|10-15-2011, 08:38 PM||#1 (permalink)|
Join Date: Sep 2011
I've lurked for a while, figured it was time to post something.
As for who I am, I guess that's kind of a mystery right now, even to me. I've suffered from moderate to severe depression / social anxiety / shyness since I was about 15 (I'm now in my early 30s); though I cover it well most of the time, it still gets in my way occasionally which can turn into a spiral every once in a while.
These days I'm mostly a skeptic agnostic, but at the same time, want to believe there's at least some purpose to being here. I was raised in a christian faith, but believe there's too much baggage in any organized judeo-christian faiths these days to be useful to me. Bits of my life would probably be considered highly successful by most people, and even miraculous at times to me; I can't completely discount a subjective reality view or one where IM has some influence, but at the same time, I can't figure it out enough to overcome certain patterns in more interpersonal corners of my life that keep cropping up.

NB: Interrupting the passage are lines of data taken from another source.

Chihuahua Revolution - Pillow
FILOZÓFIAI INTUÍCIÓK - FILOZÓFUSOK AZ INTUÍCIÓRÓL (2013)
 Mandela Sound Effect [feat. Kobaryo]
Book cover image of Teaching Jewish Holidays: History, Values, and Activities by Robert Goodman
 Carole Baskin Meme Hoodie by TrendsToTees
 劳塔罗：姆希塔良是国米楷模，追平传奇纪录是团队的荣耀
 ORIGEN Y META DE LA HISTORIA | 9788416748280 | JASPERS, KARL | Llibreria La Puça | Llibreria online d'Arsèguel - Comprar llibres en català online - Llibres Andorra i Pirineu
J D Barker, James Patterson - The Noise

I've had a few events in the last several years that have re-aggravated my depression, and simultaneously tried to make me try to find a better way instead of just accepting it, and I stumbled into here.
|10-16-2011, 09:10 AM||#2 (permalink)|
Join Date: Dec 2008
Location: Nationality: British Soul: Otherworldly Current Location: Barcelona, Spain
Hi and welcome! I think you'll find SP.com has some great resources for what you're looking for. If you want to dive into a particular issue, don't hesitate to start a thread, and you'll get lots of different perspectives you can think on.